As soon as you decide that divorce could be your reality, likely your thoughts will turn to your fears of your new reality and your financial future will be thrown into question. “How much of my income will I have to give up to support my spouse and the kids?” or “How much longer will I have to work, I won’t be able to retire until I am 75!”. A world of unknowns reveals itself in an avalanche of financial and emotional realities that must be dealt with. Despite the stereotypes around vindictive, nasty divorces, my experience is that the vast majority of couples (once they can conquer their emotional brain) truly and sincerely want what’s fair for all involved.
Fair. The problem here is that every person’s idea of fairness is different. Depending on emotional trauma in the marriage, perceived wrongs, apologies that remained unspoken… being able to agree on a “fair” solution may be worlds apart. This is a simple truth that has created a multi-billion-dollar divorce industry. What if there is a different answer?
What if you let go of the need for “fairness”? What if each party didn’t worry about what the other person was getting and sat down with a divorce financial planner and simply figured out what you need for yourself to be ok? And then they sit down with a mediator and start from there? Maybe this is the truest way to be fair. BOTH people walking away with what they need and their hopes and dreams intact!

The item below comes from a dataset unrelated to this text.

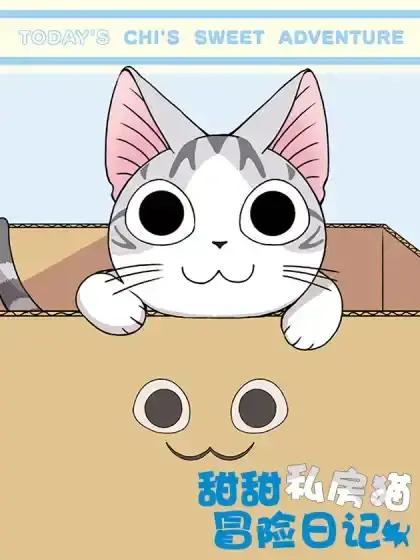 甜甜私房猫冒险日记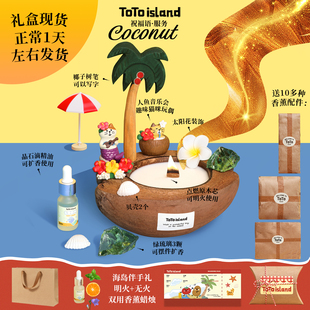 秃秃小岛椰子香薰蜡烛礼盒扩香晶石摆件小众高级生日礼物送男女生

Now by no means should you “give in, or give up” as you have legal rights to a percentage of assets and, unfortunately, the debts too. But if you focus on the specifics of what you need in the next phase of your life and how you can move on in a healthy, happy way that will preserve your family unit for the future. As I always tell my clients, my goal is to help you be the best divorced family you can be, because you’re still a family.